In addition to configuring the weight decay, `paramwise_cfg` of MMEngine's default optimizer wrapper constructor supports the following hyperparameters as well.

`lr_mult`: Learning rate for all parameters.

`decay_mult`: Decay coefficient for all parameters.

`bias_lr_mult`: Learning rate coefficient of the bias (excluding bias of normalization layer and offset of the deformable convolution).

`bias_decay_mult`: Weight decay coefficient of the bias (excluding bias of normalization layer and offset of the deformable convolution).

`norm_decay_mult`: Weight decay coefficient for weights and bias of the normalization layer.

`flat_decay_mult`: Weight decay coefficient of the one-dimension parameters.

`dwconv_decay_mult`: Decay coefficient of the depth-wise convolution.

`bypass_duplicate`: Whether to skip duplicate parameters, default to `False`.

`dcn_offset_lr_mult`: Learning rate of the deformable convolution.

### Set different hyperparamters for different model modules

In addition, as shown in the PyTorch code above, in MMEngine we can also set different hyperparameters for any module in the model by setting `custom_keys` in `paramwise_cfg`.

If we want to set the learning rate and the decay coefficient to 0 for `backbone.layer0`, and set the learning rate to 0.001 for the rest of the modules in the `backbone`. At the same time, we want to keep all the learning rate to 0.001 for the `head` module.

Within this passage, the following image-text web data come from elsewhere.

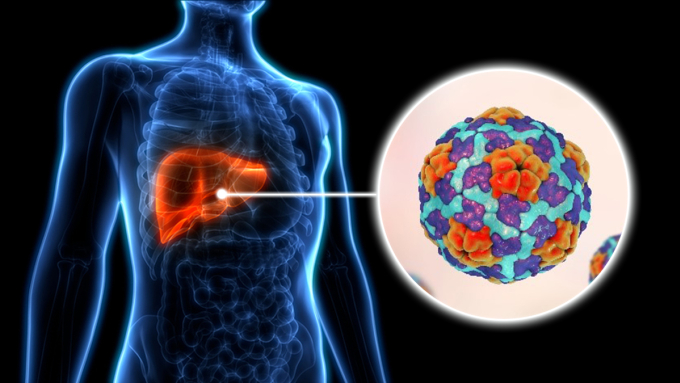 what-is-hepatitis-a-thumbnail-9032-8856-1749721924 Minh họa người có virus viêm gan A. Ảnh: CDC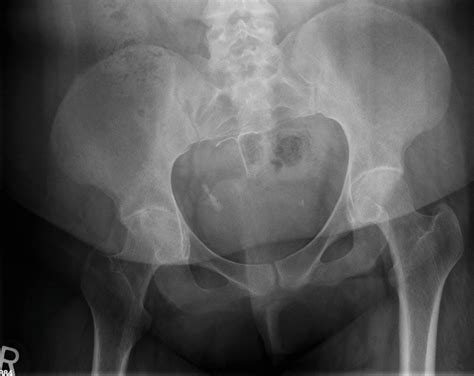 Degenerative Joint Diseases – Hip – Undergraduate Diagnostic Imaging Fundamentals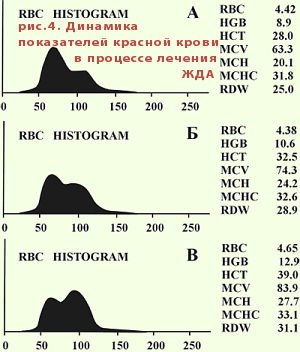 динамика RDW при лечении железодефицитной анемии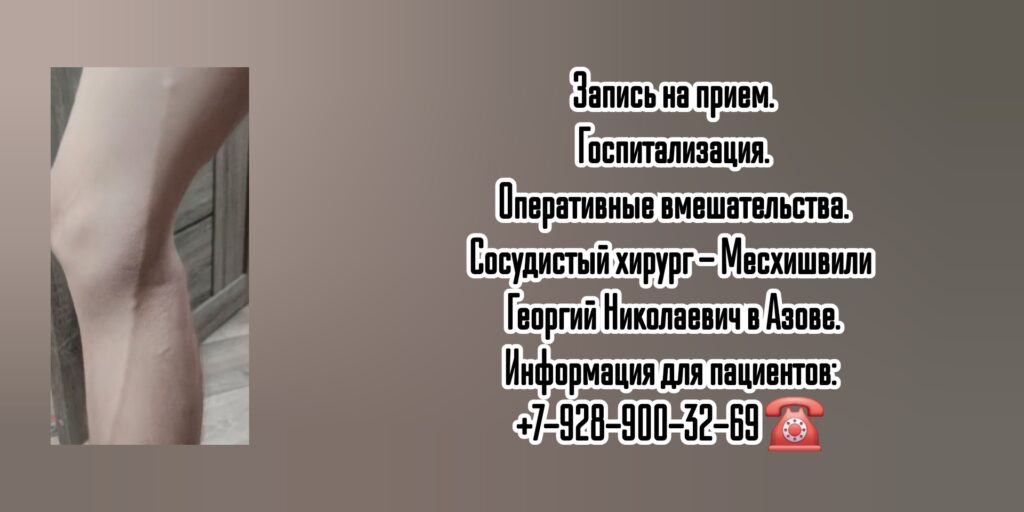 Месхишвили Георгий Николаевич- Сосудистый хирург Азов 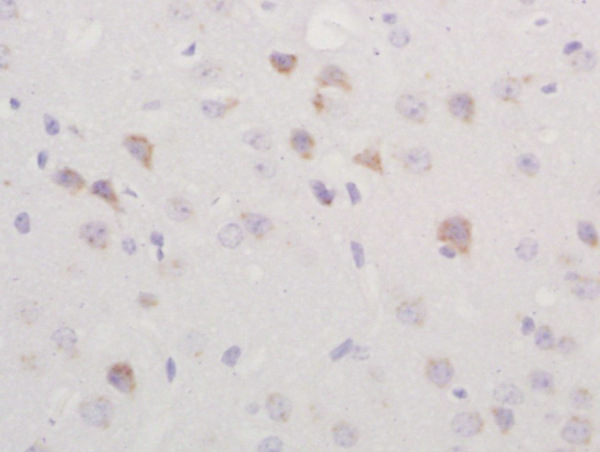 Formalin-fixed and paraffin embedded rat brain labeled with Rabbit Anti-TGM2 Polyclonal Antibody, Unconjugated (bs-6196R) at 1:200 followed by conjugation to the secondary antibody and DAB staining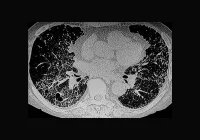 Chest CT scan showing bilateral pulmonary fibrosis with honeycombing, indicative of interstitial lung disease. 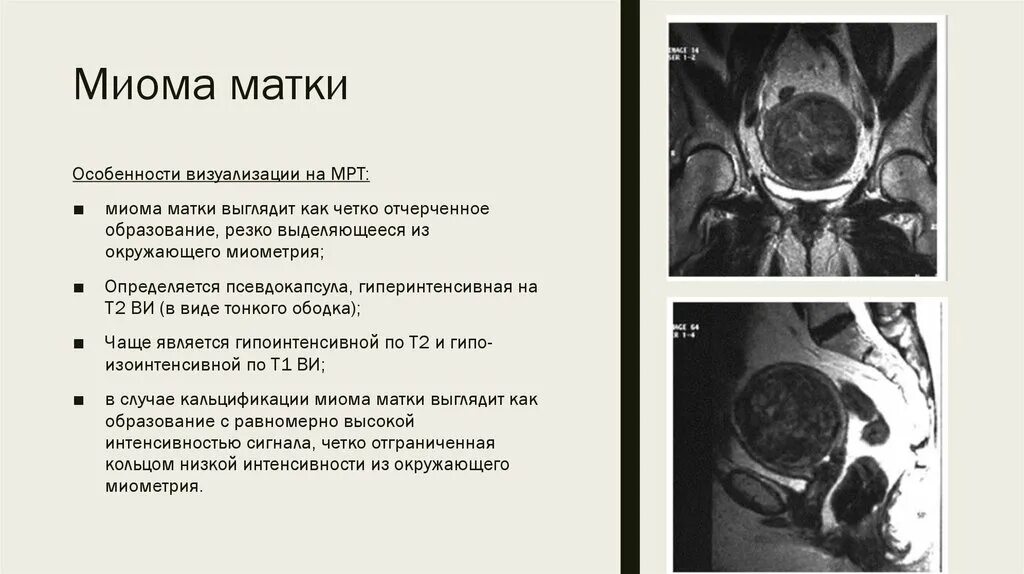 Миома матки что это такое фото Картинки АНАМНЕЗ МИОМЫ МАТКИ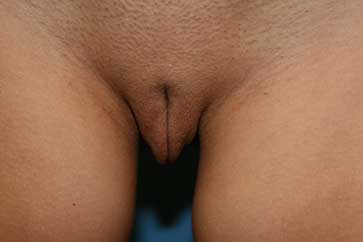 labia majora enlarged photo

We can do it in this way:

```python
optim_wrapper = dict(
    optimizer=dict(type='SGD', lr=0.01, weight_decay=0.0001),
    paramwise_cfg=dict(
        custom_keys={
            'backbone.layer0': dict(lr_mult=0, decay_mult=0),
            'backbone': dict(lr_mult=1),
            'head': dict(lr_mult=0.1)
        }))
optimizer = build_optim_wrapper(ToyModel(), optim_wrapper)
```

```
08/23 22:02:43 - mmengine - INFO - paramwise_options -- backbone.layer0.weight:lr=0.0
08/23 22:02:43 - mmengine - INFO - paramwise_options -- backbone.layer0.weight:weight_decay=0.0
08/23 22:02:43 - mmengine - INFO - paramwise_options -- backbone.layer0.weight:lr_mult=0
08/23 22:02:43 - mmengine - INFO - paramwise_options -- backbone.layer0.weight:decay_mult=0
08/23 22:02:43 - mmengine - INFO - paramwise_options -- backbone.layer0.bias:lr=0.0
08/23 22:02:43 - mmengine - INFO - paramwise_options -- backbone.layer0.bias:weight_decay=0.0
08/23 22:02:43 - mmengine - INFO - paramwise_options -- backbone.layer0.bias:lr_mult=0
08/23 22:02:43 - mmengine - INFO - paramwise_options -- backbone.layer0.bias:decay_mult=0
08/23 22:02:43 - mmengine - INFO - paramwise_options -- backbone.layer1.weight:lr=0.01
08/23 22:02:43 - mmengine - INFO - paramwise_options -- backbone.layer1.weight:weight_decay=0.0001
08/23 22:02:43 - mmengine - INFO - paramwise_options -- backbone.layer1.weight:lr_mult=1
08/23 22:02:43 - mmengine - INFO - paramwise_options -- backbone.layer1.bias:lr=0.01
08/23 22:02:43 - mmengine - INFO - paramwise_options -- backbone.layer1.bias:weight_decay=0.0001
08/23 22:02:43 - mmengine - INFO - paramwise_options -- backbone.layer1.bias:lr_mult=1
08/23 22:02:43 - mmengine - INFO - paramwise_options -- head.linear.weight:lr=0.001
08/23 22:02:43 - mmengine - INFO - paramwise_options -- head.linear.weight:weight_decay=0.0001
08/23 22:02:43 - mmengine - INFO - paramwise_options -- head.linear.weight:lr_mult=0.1
08/23 22:02:43 - mmengine - INFO - paramwise_options -- head.linear.bias:lr=0.001
08/23 22:02:43 - mmengine - INFO - paramwise_options -- head.linear.bias:weight_decay=0.0001
08/23 22:02:43 - mmengine - INFO - paramwise_options -- head.linear.bias:lr_mult=0.1
08/23 22:02:43 - mmengine - INFO - paramwise_options -- head.bn.weight:lr=0.001
08/23 22:02:43 - mmengine - INFO - paramwise_options -- head.bn.weight:weight_decay=0.0001
08/23 22:02:43 - mmengine - INFO - paramwise_options -- head.bn.weight:lr_mult=0.1
08/23 22:02:43 - mmengine - INFO - paramwise_options -- head.bn.bias:lr=0.001
08/23 22:02:43 - mmengine - INFO - paramwise_options -- head.bn.bias:weight_decay=0.0001
08/23 22:02:43 - mmengine - INFO - paramwise_options -- head.bn.bias:lr_mult=0.1
```

The state dictionary of the above model can be printed as the following:

```python
for name, val in ToyModel().named_parameters():
    print(name)
```

```
backbone.layer0.weight
backbone.layer0.bias
backbone.layer1.weight
backbone.layer1.bias
head.linear.weight
head.linear.bias
head.bn.weight
head.bn.bias
```

Each field in `custom_keys` is defined as follows.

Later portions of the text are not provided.